HOW YOU LIVE CHANGES YOUR BRAIN.

The brain is the most responsive organ of the body. Actually it is the organ that is

most susceptible to change and regeneration of all the organs in the body. I have a

friend named Gerald Edelman who was a great scholar of brain studies and he says

that the analogy of the brain to a computer is pathetic. The brain is actually more like

an overgrown garden that is constantly growing and throwing off seeds, regenerating

and so on. And he believes that the brain is susceptible, in a way that we are not fully

conscious of, to almost every experience of our life and every encounter we have. I

was fascinated by a story in a newspaper a few years ago about the search for

perfect pitch. A group of scientists decided that they were going to find out why

certain people have perfect pitch. You know certain people hear a note precisely and

are able to replicate it at exactly the right pitch. Some people have relevant pitch;

perfect pitch is rare even among musicians. The scientists discovered – I don’t know

how – that among people with perfect pitch the brain was different. Certain lobes of

the brain had undergone some change or deformation that was always present with

those who had perfect pitch. This was interesting enough in itself. But then they

discovered something even more fascinating. If you took a bunch of kids and taught

them to play the violin at the age of 4 or 5 after a couple of years some of them

developed perfect pitch, and in all of those cases their brain structure had changed.

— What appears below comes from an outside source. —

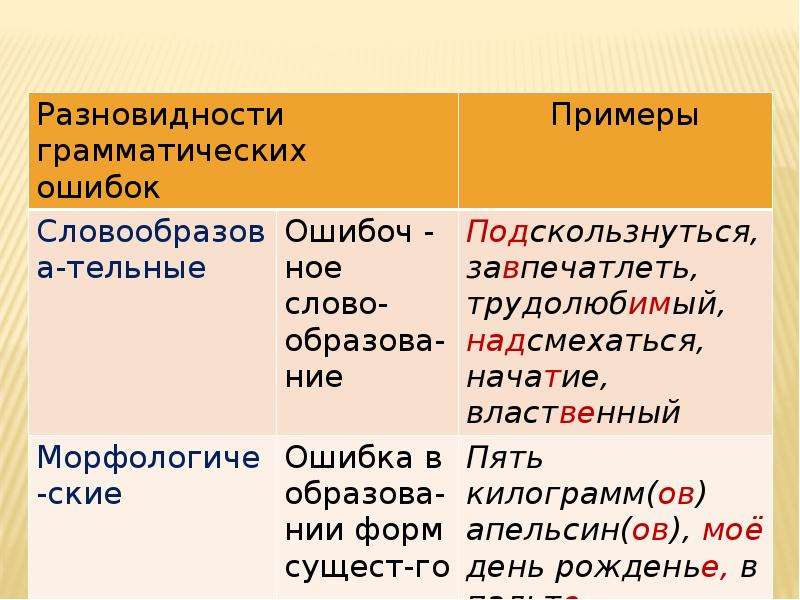 Нужно полюбить свои ошибки презентация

Well what could that mean for the rest of us? We tend to believe that the mind affects

the body and the body affects the mind, although we do not generally believe that

everything we do affects the brain. I am convinced that if someone was to yell at me

from across the street my brain could be affected and my life might changed. That is

why your mother always said, ‘Don’t hang out with those bad kids.’ Mama was right.

Thought changes our life and our behaviour. I also believe that drawing works in the

same way. I am a great advocate of drawing, not in order to become an illustrator, but

because I believe drawing changes the brain in the same way as the search to create

the right note changes the brain of a violinist. Drawing also makes you attentive. It

makes you pay attention to what you are looking at, which is not so easy.